Jimmy McHugh and Harold Adamson submitted the song "True to the Navy" for inclusion in the film and a production number featuring it was filmed at a cost from $60,000 to $75,000. However, McHugh and Adamson previously submitted the song to Paramount which had used it in their 1945 film Bring on the Girls. Paramount refused to license the song for use in Doll Face, and the musical number had to be cut. In a December 1945 letter to Twentieth Century-Fox studio president Spyros Skouras, studio attorney George Wasson speculated that Paramount refused to license the song because Twentieth Century-Fox had obtained the distribution rights to Tales of Manhattan and clearance for the use of the title Sentimental Journey, both of which Paramount also wanted.[4]

Chorus performs "Dig You Later (A-Hubba Hubba Hubba)" in the Show-within-a-show. A suit was filed against the studio for plagiarizing another composition.

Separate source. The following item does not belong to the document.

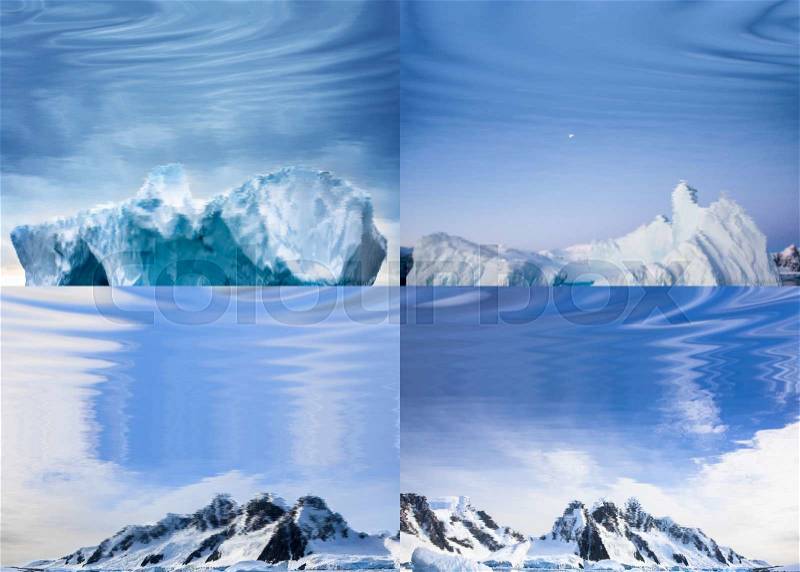 Four natural polar landscapes reflected in water, stock photo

According to the legal records, Irving Weissman filed suit against the studio, claiming that the song "Dig You Later (A Hubba-Hubba-Hubba)" was plagiarized from one of his compositions. The case was dismissed in September 1948 by a federal court judge, but Weissman again filed suit through a state court. The disposition of the second suit has not been determined.[4]

Reviews

[edit]

The studio Twentieth Century-Fox reportedly paid Louise Hovick (Gypsy Rose Lee) a large sum of money for the rights to The Naked Genius. Bosley Crowther of The New York Times wrote that "some one (not Miss Hovick) made a terrible deal...the only distinction in its writing is a persistence in grammatical mistakes. The only remarkability about its pattern is a monotonous fidelity to form."[5] and "Forget the plot, and concentrate on the production numbers performed with gusto by Blaine, Como, and Carmen Miranda."[6]

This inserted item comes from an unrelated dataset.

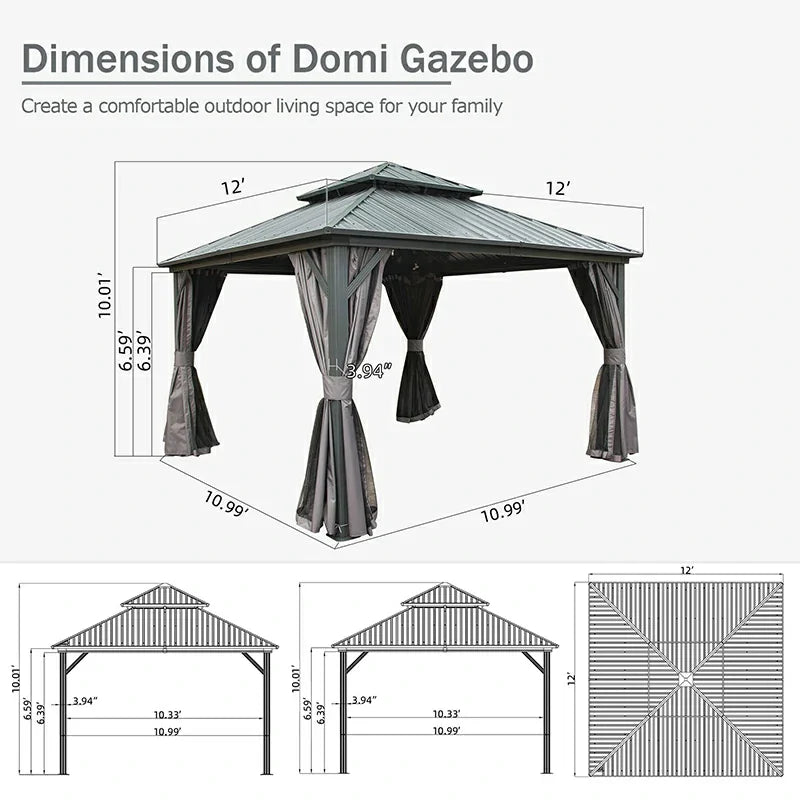 Hardtop Gazebo Classic W/ Netting & Curtain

"A very surprising choice [to be in the cast for the film], I think, is Carmen Miranda for "Doll Face". Not that she isn't one of our best dancers, and certainly one of our most persuasive personalities, but she is so different from Joan Blondell, who created the role on the stage in "Naked Genius" from which "Doll Face" is taken" said Louella Parsons.[7]

The Sydney Morning Herald wrote that "The film has its faults, chiefly technical...Dennis O'Keefe makes a handsome, hard-hitting manager and performs with great sincerity. Perry Como sings in an even more attractive manner than hitherto, and Vivian Blaine is more than adequately attractive, if a trifle too polished, as the "burleycue" blonde. Carmen Miranda appears in a straight part with only one singing number. The innovation is not a success, but the fault is the director's not Carmen's."[8]

Home media

[edit]

The film was released on DVD in June 2008 as part of Fox's "The Carmen Miranda Collection."[9]

Parody

[edit]

In 1985, comedy troop LA Connection used Doll Face as episode 9 of its syndicated show Mad Movies, in which films were re-edited with a dubbed soundtrack. The plot centers around the sleazy "Miss Doll Face Pageant".

[edit]

References

[edit]
[edit]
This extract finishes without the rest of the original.